_Task statement_:
Copy, word for word, the lines below from the one containing "this 636×426 image." up to and including the one containing "this 420×315 image.", with pictures left out.

_Data records_:
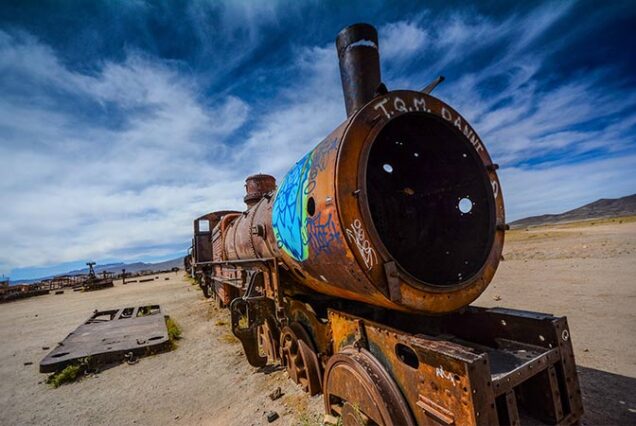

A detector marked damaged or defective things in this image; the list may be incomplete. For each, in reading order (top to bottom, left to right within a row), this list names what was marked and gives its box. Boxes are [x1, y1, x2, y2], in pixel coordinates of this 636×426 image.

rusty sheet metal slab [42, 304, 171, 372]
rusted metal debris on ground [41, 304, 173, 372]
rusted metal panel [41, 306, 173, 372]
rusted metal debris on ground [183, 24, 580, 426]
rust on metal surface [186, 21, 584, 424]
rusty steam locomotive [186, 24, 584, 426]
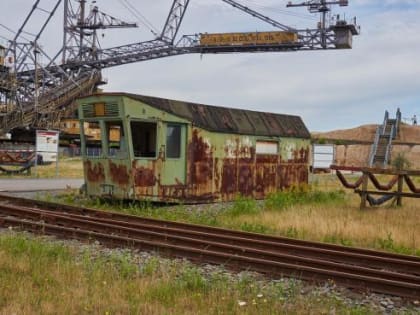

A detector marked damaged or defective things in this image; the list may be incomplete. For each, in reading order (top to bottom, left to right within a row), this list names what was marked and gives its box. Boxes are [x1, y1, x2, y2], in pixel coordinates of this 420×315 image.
* * *
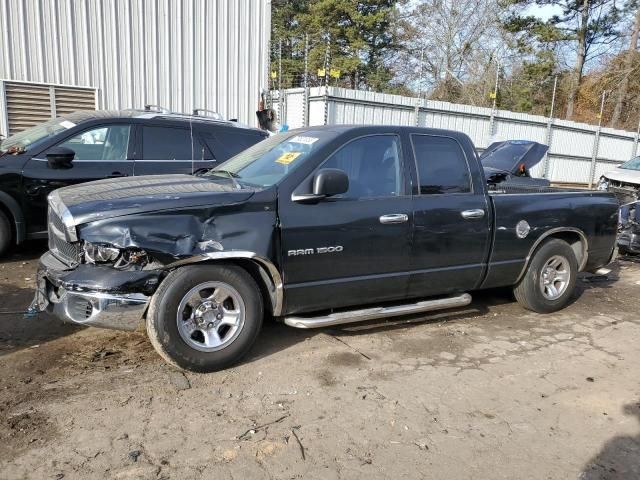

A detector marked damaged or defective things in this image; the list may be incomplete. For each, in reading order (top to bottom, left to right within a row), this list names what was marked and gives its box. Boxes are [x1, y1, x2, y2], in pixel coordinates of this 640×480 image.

_Written solution_:
A detector marked damaged or defective things in this image; the list may be incomplete. For each, in reading order (top to bottom, left to right within a row), this list names what was marked and gives its box. Boxes are [x1, y1, x2, y2], in pixel coordinates of this 636×426 image.

rusty sheet metal slab [42, 304, 171, 372]
rusted metal debris on ground [41, 304, 173, 372]
rusted metal panel [41, 306, 173, 372]
rusted metal debris on ground [183, 24, 580, 426]
rust on metal surface [186, 21, 584, 424]
rusty steam locomotive [186, 24, 584, 426]

A detector marked damaged or defective things in this image; the list may be incomplete. For each, in reading order (top to bottom, left to right within a row), this list names what was marked and gives its box. Boxes are [x1, y1, x2, y2], in pixel coordinates of this 420×315 image.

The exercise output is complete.